Каэвта почувствовал, как по коже побежали мурашки. Он ответил, не глядя:
— Комната наверху убрана. Всё готово, — сухо бросила Номьям.
— Благодарю, тётя Ном, — Каэвта сложил ладони в вежливом вае, после чего потянул спутника за руку вверх по лестнице.
Позади них слышался глухой, бормочущий ропот:
— Как ты посмел? Привёл мужчину в ту комнату... ту, что Кнун Яй построил для тебя... Ты его оскорбляешь...
Каэвта стиснул зубы. Даже волосы на голове холодели от ужаса.

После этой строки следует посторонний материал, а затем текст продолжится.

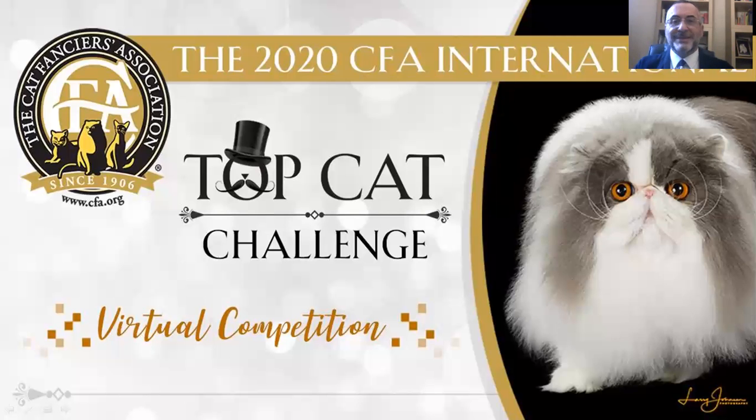Hi guys, this is Theo Vargas, CFA Specialty Judge from Spain. I am glad to be here. I would like to thank the CFA International Top Cat Challenge. Thanks to all sponsors and especially to Exhibito for sending these beautiful pictures of the cats. I am glad to be part of this event and to help benefiting the Winfrey Foundation.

— Я здесь, Кхун Яй, — прошептал он.
Мужчина, до этого затаившийся на балконе, обернулся, тут же засветившись. На лице, словно сотканном из лунного света, появилась улыбка.
Не та мимолётная, сдержанная улыбка, что Каэвта видел в своих снах.
Это была улыбка, полная бескрайней радости. Лицо его озарилось, как будто небо разом расцвело в сердце Белого дома.
— Дитя моих глаз... — раздался едва уловимый шёпот.
И вдруг тишину, словно воспоминание, прорезали строки — не голос, не звук, но дыхание памяти. Песня, будто плывшая из глубины прошлого:
Джамчан Кванфа, С добрым утром, Срисук, Я хочу любить тебя, Нонгкран. О, цветок… ты — цветок Чампа, Попроси богов быть свидетелями. Мы вместе, Пока эта любовь не станет вечной. Я люблю тебя, как небо...
Каэвта замер. Его сердце дрогнуло. Это была та самая мелодия, которую он слышал сквозь сон, ту, что отзывалась в его теле, будто он когда-то уже пел её в другой жизни. Или в этой, но раньше.